Submitted by the Bond & Botes Law Offices - Monday, November 16, 2015
It is commonly thought that arbitration benefits everyone since it prohibits someone from suing an entity (usually a corporation) for something that was allegedly done wrong. The common refrain is that, if businesses can’t be sued for perceived misdeeds, then the result should be lower prices for the consumer. Yeah, right. (Note: sarcasm). Arbitration sounds good until you are the person wronged. Then, if you have signed a binding arbitration agreement (look at any contract you have signed to purchase or finance a car), you are then prohibited from enforcing any rights you may have in court. Binding mandatory arbitration, in its purest form, prohibits a person from suing in a court of law and, instead, requires the matter to be submitted to and decided by an arbitrator.
This move toward arbitration has been going on by the business community for several years. Fortunately, the Consumer Financial Protection Bureau (CFPB) has recently proposed rules to dramatically change arbitration. This article from USA Today explains the proposed changes regarding arbitration.
Additionally, the link to the CFPB proposed rules regarding arbitration.
Finally, the New York Times just published a detailed three part series regarding arbitration in general.
Also, here is an editorial on arbitration published by the New York Times on November 7, 2015.
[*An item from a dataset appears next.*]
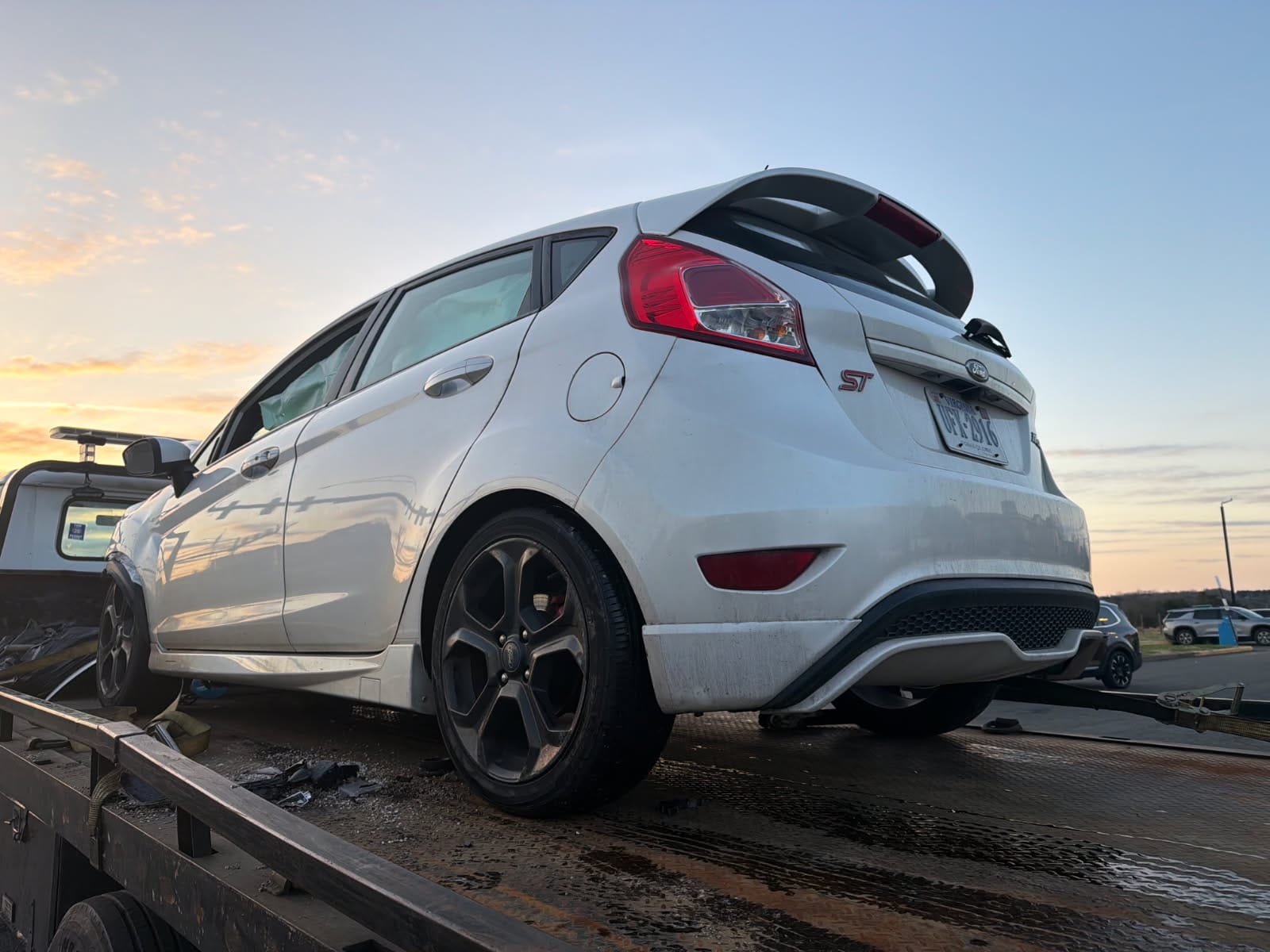 Commuter hatchback loaded onto a Dalo Auto Recycling flatbed truck in Fairfax County, VA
Our best advice to consumers is to always be aware of what you are signing and to protect your consumer rights as best as you can. Always avoid signing any contract or document that contains an arbitration clause if at all possible. Finally, ask yourself why the merchant or business you are about to use won’t stand behind its service or product if they are demanding that you sign an arbitration agreement while you are purchasing their service or product.